Since July 2017, the largest cat of the Americas has been spotted twice by two lucky groups of travelers visiting Napo Wildlife Center and Napo Cultural Center ecolodge in the Ecuadorian Amazon. One of our naturalist guides, who had the opportunity to share this great moment, reported to see it from a dugout canoe while paddling along Añangu stream. “It is the best experience one can have at Yasuni National Park, because the thick forest usually does not allow us to see them as in other ecosystems like the Savanna”. This top-level carnivore appeared to have a new-born cub, therefore it was searching for food around the Añangu territory and nearby Tiputini area.

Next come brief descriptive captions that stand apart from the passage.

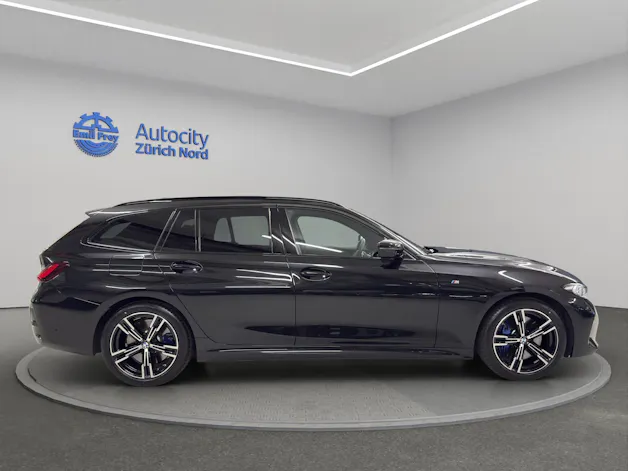 BMW 330d xDrive 48V Touring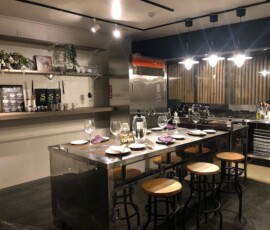 弐番館内には、予約制の本格シェアキッチンが併設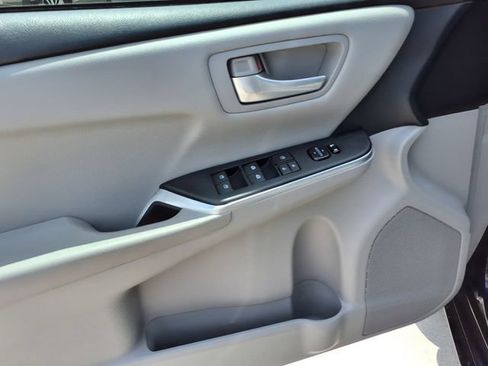 Used 2015 Toyota Camry LE FWD image 27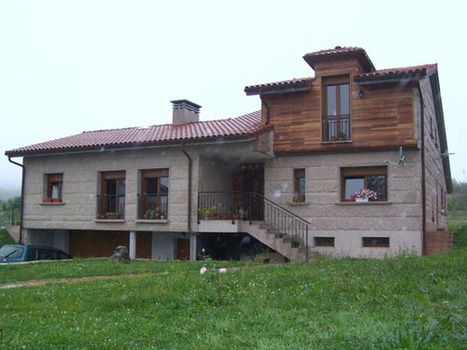 Casa unifamiliar con porche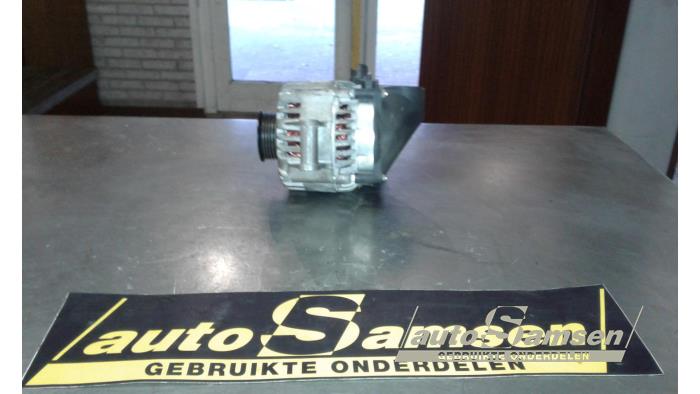 Dynamo van een Ford Mondeo III Wagon 2.5 V6 24V 2002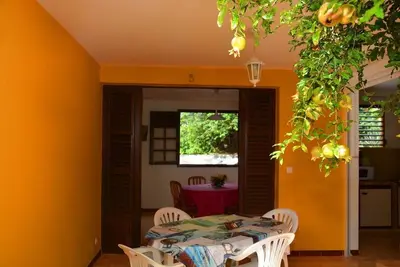 Bungalow de type T3 dans son jardin
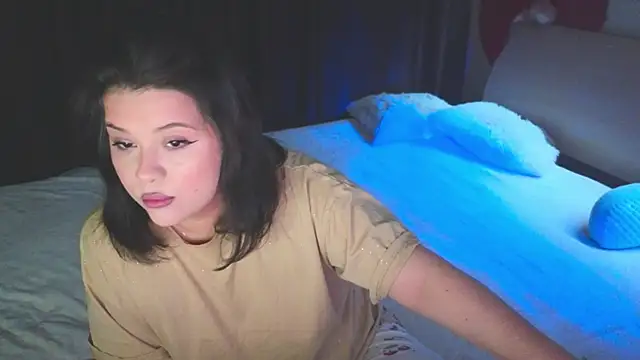 Snapshot of Malika_uAngel chatting on December 2, 9:43 pm Malika uAngel online show from December 2, 9:43 pm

“Jaguars are solitary animals who live and hunt alone, except during mating season. The male’s home range is between 19 and 53 square miles and often overlaps with the smaller home ranges of multiple females. A male aggressively protects his home range and resident females from other males. The jaguar hunts mostly on the ground, but it sometimes climbs a tree and pounces on its prey from above. It has very powerful jaws and sharp teeth and usually kills its prey with one crushing bite to the skull. Unlike most big cats, the jaguar loves the water — it often swims, bathes, plays and even hunts for fish in streams and pools. Like all members of the big cat family, jaguars can roar. The jaguar’s roar sounds like a deep, chesty cough.”
Their astonishing claws have also been seen in the forms of footprints around Añangu Village several times, which confirms the health of the rainforest and the good results of conservation carried out by the indigenous community for more than 20 years.